Il se servira notamment de son pouvoir afin d’augmenter sa ration quotidienne,
ce qui lancera concrètement l’élément déclencheur de la guerre fatale entre lui
et M.D.
Nous venons de le voir, Claude Gueux symbolise le chef de
file aussi bien des prisonniers, des misérables que des victimes de la société.

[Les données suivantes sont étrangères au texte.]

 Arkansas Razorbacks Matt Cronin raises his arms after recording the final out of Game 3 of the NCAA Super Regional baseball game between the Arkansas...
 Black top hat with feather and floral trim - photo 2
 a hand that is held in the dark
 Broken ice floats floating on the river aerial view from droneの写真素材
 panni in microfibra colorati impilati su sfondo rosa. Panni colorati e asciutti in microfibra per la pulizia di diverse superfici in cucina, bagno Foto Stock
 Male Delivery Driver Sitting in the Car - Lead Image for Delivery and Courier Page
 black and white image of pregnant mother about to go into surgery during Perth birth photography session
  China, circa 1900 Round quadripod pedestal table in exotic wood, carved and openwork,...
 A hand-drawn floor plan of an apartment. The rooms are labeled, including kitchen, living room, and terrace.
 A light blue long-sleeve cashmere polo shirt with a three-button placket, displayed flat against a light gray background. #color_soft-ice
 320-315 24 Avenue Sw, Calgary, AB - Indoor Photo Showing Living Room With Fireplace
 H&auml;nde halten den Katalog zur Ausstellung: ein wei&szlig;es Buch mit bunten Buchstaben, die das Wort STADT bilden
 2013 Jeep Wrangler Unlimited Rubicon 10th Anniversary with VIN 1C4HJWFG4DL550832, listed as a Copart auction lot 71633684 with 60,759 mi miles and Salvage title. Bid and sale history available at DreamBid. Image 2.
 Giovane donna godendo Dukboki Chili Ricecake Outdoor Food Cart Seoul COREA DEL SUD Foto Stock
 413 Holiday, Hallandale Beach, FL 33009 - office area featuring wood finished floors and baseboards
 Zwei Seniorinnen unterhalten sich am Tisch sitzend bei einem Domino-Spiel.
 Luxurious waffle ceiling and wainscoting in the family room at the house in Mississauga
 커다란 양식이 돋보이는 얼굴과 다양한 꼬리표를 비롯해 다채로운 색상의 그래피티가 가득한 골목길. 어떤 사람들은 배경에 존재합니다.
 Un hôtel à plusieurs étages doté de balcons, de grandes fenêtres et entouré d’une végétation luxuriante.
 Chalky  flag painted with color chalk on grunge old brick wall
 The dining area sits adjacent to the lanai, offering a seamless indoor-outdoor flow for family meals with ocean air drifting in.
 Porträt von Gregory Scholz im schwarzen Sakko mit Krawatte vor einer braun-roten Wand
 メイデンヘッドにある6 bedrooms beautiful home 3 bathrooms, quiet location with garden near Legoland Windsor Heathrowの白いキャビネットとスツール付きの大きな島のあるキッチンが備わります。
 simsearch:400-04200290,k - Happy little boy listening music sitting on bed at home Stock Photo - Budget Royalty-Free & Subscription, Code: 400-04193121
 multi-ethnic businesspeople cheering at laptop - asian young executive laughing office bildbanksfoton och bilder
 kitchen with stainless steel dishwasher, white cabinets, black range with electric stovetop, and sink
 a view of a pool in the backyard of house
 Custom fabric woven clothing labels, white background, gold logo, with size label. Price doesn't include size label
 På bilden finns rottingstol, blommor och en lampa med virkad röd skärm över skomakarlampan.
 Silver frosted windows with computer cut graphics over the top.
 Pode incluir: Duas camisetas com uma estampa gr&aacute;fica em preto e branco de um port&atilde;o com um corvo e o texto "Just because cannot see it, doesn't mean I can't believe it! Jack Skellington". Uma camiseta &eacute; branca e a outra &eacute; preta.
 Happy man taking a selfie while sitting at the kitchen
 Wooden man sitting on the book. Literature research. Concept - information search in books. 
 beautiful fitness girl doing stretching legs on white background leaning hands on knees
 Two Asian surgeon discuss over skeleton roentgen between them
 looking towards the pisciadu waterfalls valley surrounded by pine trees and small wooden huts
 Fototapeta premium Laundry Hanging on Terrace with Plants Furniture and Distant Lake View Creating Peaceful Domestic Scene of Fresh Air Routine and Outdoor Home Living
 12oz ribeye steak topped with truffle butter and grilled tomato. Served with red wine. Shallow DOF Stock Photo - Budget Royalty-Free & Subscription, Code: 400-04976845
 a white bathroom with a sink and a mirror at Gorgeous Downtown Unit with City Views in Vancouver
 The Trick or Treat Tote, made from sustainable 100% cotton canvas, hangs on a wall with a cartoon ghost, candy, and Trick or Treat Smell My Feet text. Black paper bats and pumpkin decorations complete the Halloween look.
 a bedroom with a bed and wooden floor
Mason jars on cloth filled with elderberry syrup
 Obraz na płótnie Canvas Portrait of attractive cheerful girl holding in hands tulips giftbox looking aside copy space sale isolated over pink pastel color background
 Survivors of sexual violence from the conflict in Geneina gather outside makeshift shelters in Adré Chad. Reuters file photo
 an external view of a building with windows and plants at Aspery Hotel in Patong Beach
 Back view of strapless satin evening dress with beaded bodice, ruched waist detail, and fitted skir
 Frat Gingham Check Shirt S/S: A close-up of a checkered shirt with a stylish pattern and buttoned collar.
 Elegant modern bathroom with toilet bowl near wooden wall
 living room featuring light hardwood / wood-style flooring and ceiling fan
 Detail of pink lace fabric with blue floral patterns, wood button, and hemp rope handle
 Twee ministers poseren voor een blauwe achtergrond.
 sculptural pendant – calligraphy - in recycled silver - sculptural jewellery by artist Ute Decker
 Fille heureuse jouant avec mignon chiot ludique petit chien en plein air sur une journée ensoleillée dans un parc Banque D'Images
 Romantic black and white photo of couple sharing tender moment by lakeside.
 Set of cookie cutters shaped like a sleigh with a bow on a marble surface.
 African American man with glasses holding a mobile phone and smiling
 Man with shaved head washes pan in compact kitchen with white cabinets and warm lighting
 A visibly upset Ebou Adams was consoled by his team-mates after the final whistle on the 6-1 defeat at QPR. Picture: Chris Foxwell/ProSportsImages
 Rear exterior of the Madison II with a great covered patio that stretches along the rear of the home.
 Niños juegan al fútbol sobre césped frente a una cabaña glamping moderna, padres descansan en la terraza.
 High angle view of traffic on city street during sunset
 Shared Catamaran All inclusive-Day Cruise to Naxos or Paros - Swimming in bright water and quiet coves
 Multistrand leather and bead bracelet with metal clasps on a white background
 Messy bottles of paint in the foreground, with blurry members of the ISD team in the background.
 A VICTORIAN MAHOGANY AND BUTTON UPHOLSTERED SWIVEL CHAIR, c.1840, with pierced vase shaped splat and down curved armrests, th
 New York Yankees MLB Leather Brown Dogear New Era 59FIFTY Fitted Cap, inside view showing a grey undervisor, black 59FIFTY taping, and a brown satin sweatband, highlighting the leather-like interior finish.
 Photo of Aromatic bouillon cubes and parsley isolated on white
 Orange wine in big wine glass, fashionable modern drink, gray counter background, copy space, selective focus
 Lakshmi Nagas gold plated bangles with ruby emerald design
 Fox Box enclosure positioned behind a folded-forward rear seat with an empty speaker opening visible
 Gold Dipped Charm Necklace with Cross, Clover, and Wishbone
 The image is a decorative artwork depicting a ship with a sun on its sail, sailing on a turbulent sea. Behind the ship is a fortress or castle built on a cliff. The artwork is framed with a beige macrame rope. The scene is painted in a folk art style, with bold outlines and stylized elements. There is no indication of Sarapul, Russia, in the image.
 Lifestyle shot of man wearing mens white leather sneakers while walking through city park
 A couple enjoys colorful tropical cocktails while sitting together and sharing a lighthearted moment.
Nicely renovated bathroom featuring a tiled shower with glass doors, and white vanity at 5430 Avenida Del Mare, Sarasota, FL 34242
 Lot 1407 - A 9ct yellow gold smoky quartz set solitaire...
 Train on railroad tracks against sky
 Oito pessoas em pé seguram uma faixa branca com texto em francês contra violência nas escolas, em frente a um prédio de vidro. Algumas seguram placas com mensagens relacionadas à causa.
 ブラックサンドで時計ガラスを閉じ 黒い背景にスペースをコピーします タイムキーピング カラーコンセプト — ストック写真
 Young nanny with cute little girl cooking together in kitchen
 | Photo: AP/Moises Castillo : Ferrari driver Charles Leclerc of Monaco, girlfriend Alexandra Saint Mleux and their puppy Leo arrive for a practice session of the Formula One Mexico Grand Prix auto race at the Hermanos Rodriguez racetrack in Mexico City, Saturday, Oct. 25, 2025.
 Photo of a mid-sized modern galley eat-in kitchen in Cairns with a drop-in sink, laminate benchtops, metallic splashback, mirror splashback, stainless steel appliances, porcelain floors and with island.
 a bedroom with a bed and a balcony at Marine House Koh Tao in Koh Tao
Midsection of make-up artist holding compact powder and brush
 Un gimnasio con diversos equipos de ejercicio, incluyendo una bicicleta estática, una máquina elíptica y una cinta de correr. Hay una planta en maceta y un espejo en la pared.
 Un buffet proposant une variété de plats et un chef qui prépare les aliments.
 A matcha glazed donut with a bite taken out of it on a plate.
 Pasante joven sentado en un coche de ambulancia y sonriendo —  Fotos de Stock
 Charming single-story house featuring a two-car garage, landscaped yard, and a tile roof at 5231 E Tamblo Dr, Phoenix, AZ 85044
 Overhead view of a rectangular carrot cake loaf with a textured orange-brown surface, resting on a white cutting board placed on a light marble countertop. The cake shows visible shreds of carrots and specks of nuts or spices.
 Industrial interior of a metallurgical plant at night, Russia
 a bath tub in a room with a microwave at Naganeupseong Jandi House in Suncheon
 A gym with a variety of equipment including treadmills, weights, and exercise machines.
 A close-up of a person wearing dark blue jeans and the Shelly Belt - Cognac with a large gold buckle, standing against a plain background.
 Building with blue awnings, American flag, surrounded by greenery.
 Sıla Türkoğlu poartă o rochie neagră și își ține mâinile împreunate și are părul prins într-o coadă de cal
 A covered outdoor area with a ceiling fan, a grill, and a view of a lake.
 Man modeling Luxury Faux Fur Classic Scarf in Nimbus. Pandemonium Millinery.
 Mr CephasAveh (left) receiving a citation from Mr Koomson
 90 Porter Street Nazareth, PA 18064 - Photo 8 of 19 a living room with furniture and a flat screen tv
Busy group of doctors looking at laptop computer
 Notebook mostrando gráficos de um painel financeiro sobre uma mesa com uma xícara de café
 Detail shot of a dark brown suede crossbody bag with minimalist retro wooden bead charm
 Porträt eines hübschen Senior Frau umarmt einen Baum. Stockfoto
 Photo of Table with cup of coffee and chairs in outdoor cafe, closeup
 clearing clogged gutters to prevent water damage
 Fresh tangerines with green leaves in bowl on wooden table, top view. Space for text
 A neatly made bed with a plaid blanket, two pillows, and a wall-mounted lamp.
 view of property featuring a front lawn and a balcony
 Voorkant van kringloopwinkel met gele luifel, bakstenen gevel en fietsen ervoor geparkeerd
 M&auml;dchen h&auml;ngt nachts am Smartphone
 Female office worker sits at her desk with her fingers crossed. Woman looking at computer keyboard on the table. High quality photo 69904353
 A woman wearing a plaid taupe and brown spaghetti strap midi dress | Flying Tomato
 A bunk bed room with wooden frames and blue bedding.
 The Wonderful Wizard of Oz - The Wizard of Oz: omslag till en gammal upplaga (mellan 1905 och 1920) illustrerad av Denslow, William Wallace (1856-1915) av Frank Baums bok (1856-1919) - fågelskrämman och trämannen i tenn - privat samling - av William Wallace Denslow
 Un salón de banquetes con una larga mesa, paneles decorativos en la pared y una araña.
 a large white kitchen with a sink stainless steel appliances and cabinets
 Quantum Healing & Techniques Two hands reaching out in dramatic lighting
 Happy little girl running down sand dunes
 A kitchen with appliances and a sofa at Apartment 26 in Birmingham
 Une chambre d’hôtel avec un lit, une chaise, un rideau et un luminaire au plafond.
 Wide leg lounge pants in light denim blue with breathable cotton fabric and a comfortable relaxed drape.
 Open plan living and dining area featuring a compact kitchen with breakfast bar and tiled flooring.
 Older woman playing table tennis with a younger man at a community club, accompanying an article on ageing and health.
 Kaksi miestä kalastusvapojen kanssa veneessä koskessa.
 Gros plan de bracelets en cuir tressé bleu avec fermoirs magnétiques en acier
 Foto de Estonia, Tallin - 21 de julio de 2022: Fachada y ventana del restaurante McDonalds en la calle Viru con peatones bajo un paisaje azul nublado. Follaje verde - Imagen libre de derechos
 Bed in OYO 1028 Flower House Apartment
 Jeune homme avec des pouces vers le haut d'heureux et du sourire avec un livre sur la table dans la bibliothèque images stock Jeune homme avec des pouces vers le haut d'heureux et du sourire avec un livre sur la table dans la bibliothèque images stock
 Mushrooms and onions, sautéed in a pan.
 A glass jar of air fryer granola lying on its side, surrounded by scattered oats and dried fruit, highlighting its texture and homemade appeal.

Il représente la partie populaire de la population. Il s’oppose ainsi au reste
de la société, de ses dirigeants qu’illustre le chef des ateliers. Les deux
protagonistes se lient un combat sans fin. Malgré sa maigre
classe sociale, Hugo fait de son personnage réel un héros noble « honnête
[…] une figure digne et grave. C’était une belle tête. » Le lecteur en est
proche et devient fasciné par cet homme pourtant simple qui paraît courageux et
respectable selon l’écrivain.
Hugo attendrie le
lecteur grâce à son protagoniste principal. En effet, dans la deuxième partie
de la nouvelle, ce dernier lie une forte et profonde amitié avec un prisonnier
du nom d’Albin. Ce jeune homme d’à peine vingt ans est le modèle du naïf, frêle
et candide qui est fasciné par Claude l’imposant. Pour lui prouver sa fidélité,
il lui donnera même une partie de son pain et ce, quotidiennement. Alors qu’en
réalité, les deux hommes semblaient entretenir une relation charnelle, Hugo la
modifie en relation amicale afin de se concentrer sur l’action principale. Les
deux détenus ont réussis à construire une forme de bonheur autour d’eux, ce qui
s’oppose à l’ambiance haineuse que peut instaurer une prison. C’est pourquoi
M.D va s’opposer à cette relation trop utopique. Il en est jaloux et va décider
de se venger de Claude en le séparant de son nouvel ami. Alors que l’un était
l’univers pour l’autre, cette rupture était beaucoup trop dure pour notre
héros. Ce simple incarcéré possède des sentiments profonds et sincères :
il représente le semblant d’humanité parmi la haine ambivalente qu’entretenait
le représentant de la société, M.D.
Par ailleurs,
l’écrivain va appuyer sur l’homme qu’est Claude en lui ajoutant ce sentiment de
manque à l’égard de sa lueur d’espoir et de bonheur désormais envolée ; « Pourquoi
me séparez-vous d’Albin ? ». Cette question signait son désespoir. Alors
que l’ennemi restait sur ses positions, notre héros fit preuve d’une grande
intelligence en paraissant calme, serein et ce, malgré sa solitude. Au
contraire de M.D qui avait agi à cause de son sentiment de jalousie, Claude
méditait pendant de longues semaines pour enfin assouvir ce qu’il pensait
juste. Il tua M.D. Ce geste désacralisant toute l’humanité de notre
protagoniste est en réalité attendu par le lecteur. Hugo a orienté sa position
en faveur du détenu afin de justifier son acte ultime. La condamnation à mort
est donc perçue comme injuste face à l’acte cruel de M.D envers Claude. Le
héros est ici fatal, l’auteur l’a pensé ainsi.
C’est dans cette
nouvelle commentée par l’écrivain que le thème de l’abolition de la peine de
mort est soutenu. En opposant un supérieur à un prisonnier, Victor Hugo a su
humanisé le meurtrier en moralisant son œuvre par la problématique : qui
est le véritable meurtrier ? Car en effet, Claude Gueux, enfant de la
société a été abandonné par cette dernière. Nous ne pouvons donc pas lui
reprocher ses actes perçus comme irresponsables. L’auteur a su retourner la
situation par le jugement de la victime et du meurtrier. Son engagement
discerné à travers toute l’œuvre provenant d’un fait réel, fait méditer le
lecteur et la société entière sur la décadence de la justice et des inégalités
prépondérantes entre les différentes classes sociales.